-- WORKING DATA follows --

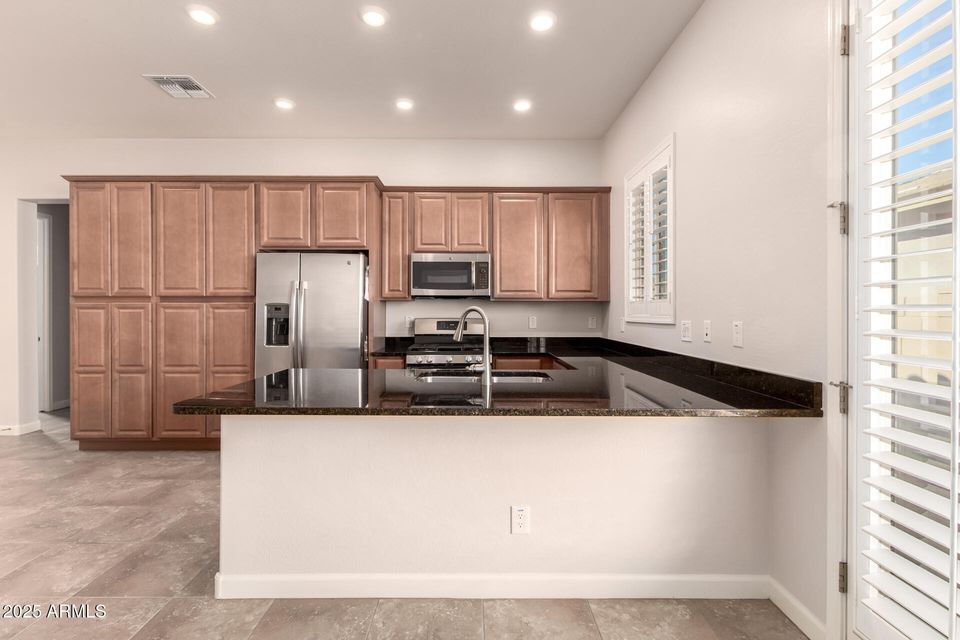 Chandler, Arizona, 85286, United States, 4 Bedrooms Bedrooms, ,Residential,For Sale,1976869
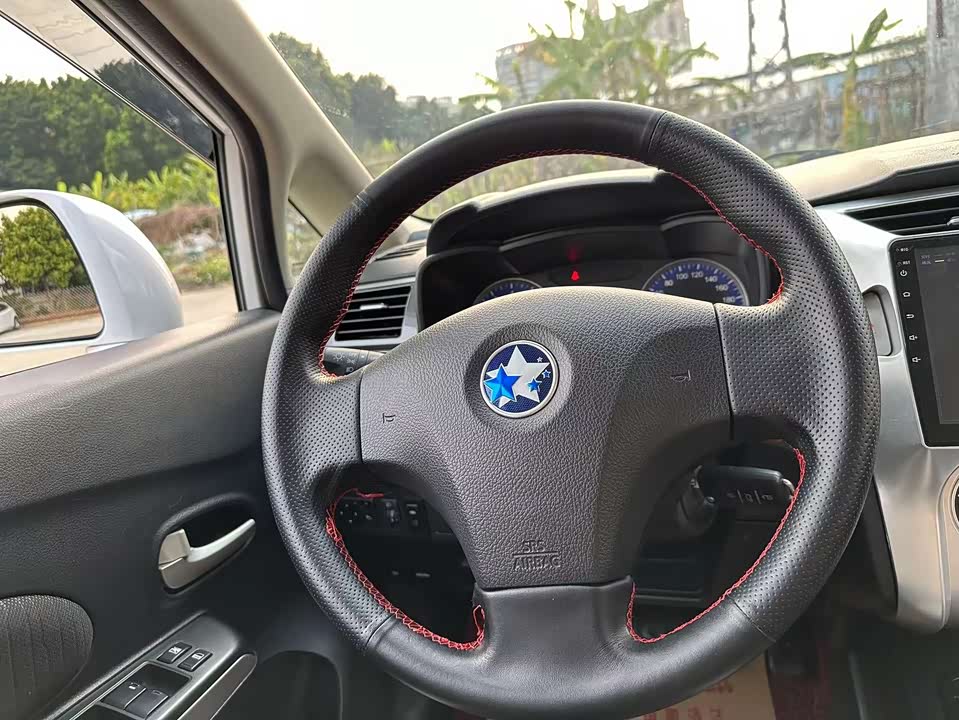 Venucia R50X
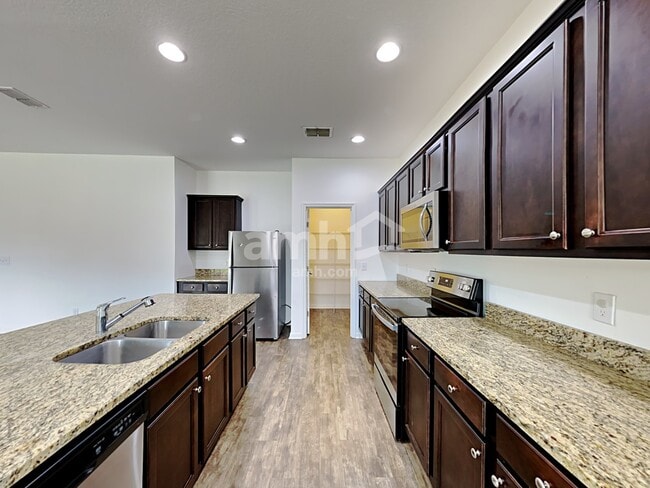 Photo - 4878 St James Ln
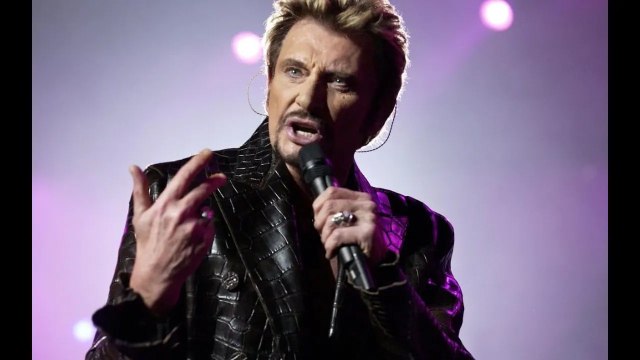Johnny Hallyday «femme au foyer » : les révélations fracassantes de sa première femme,Babeth Etienne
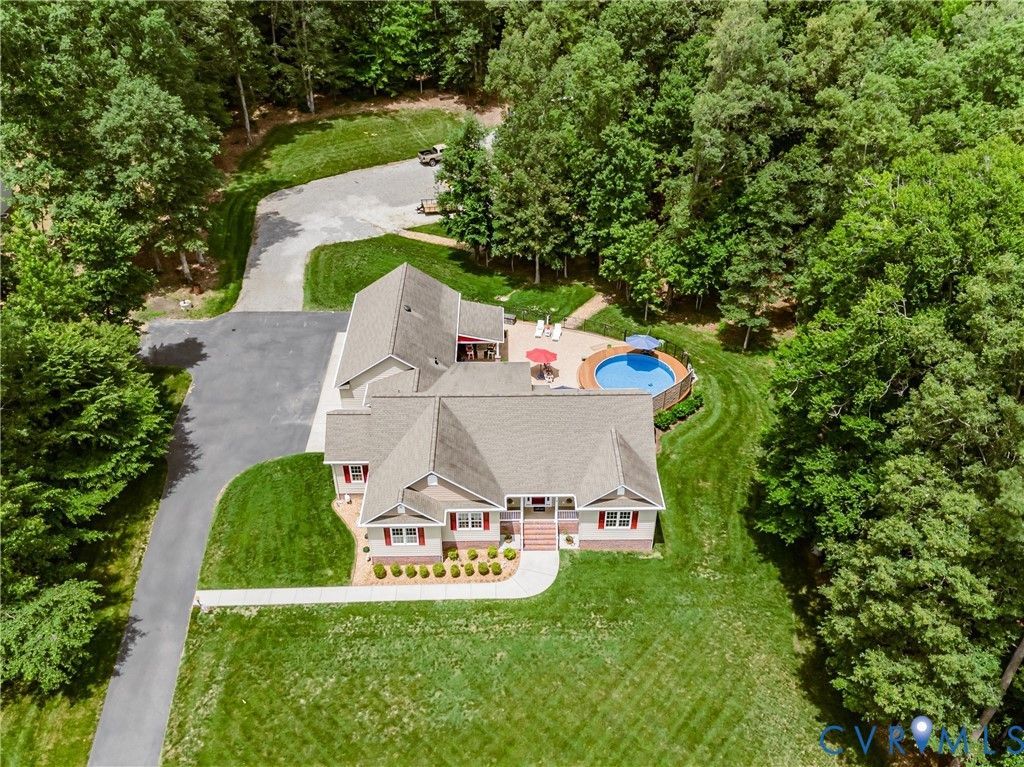 8040 N Courthouse Road, New Kent, VA 23124 Main Photo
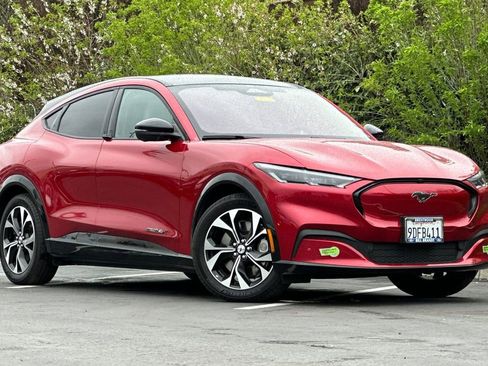 Used 2022 Ford Mustang Mach-E Premium image 2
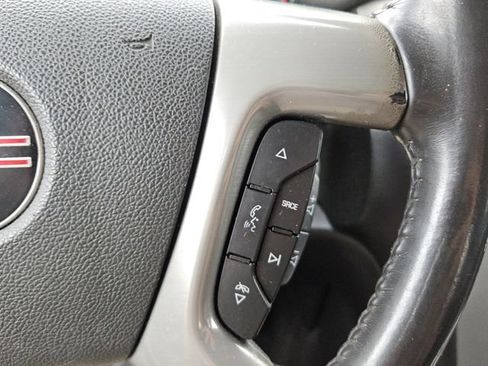 Used 2011 GMC Sierra 1500 SLT w/ All-Terrain Package image 13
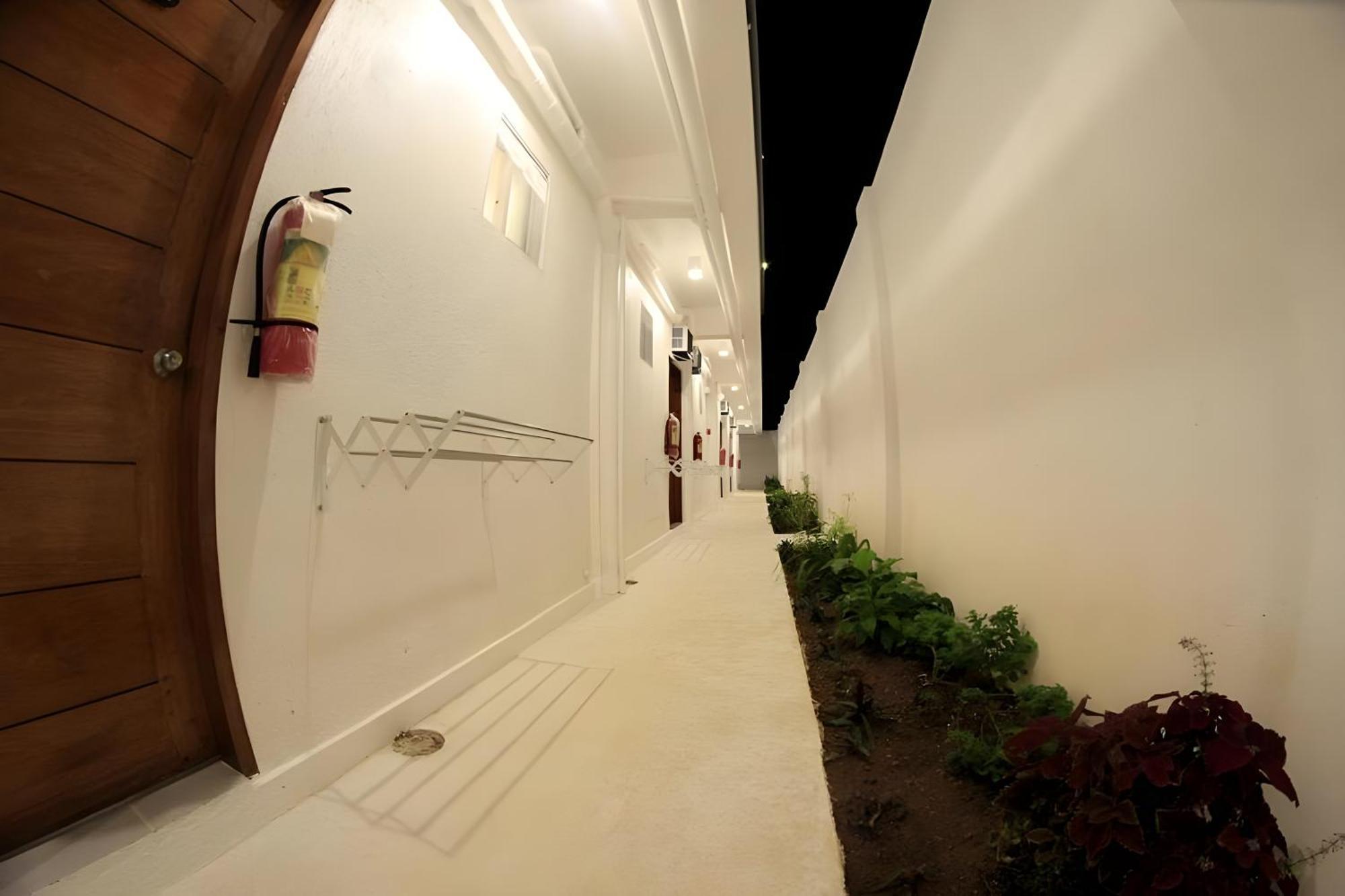 Bluewave Hotel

-- WORKING DATA concluded --

• EXERCISE INSTRUCTIONS
In your transcription of the listing above, match each line exactly and include no pictures.

• RESULT OF THIS EXERCISE
 Chandler, Arizona, 85286, United States, 4 Bedrooms Bedrooms, ,Residential,For Sale,1976869
 Venucia R50X
 Photo - 4878 St James Ln
Johnny Hallyday «femme au foyer » : les révélations fracassantes de sa première femme,Babeth Etienne
 8040 N Courthouse Road, New Kent, VA 23124 Main Photo
 Used 2022 Ford Mustang Mach-E Premium image 2
 Used 2011 GMC Sierra 1500 SLT w/ All-Terrain Package image 13
 Bluewave Hotel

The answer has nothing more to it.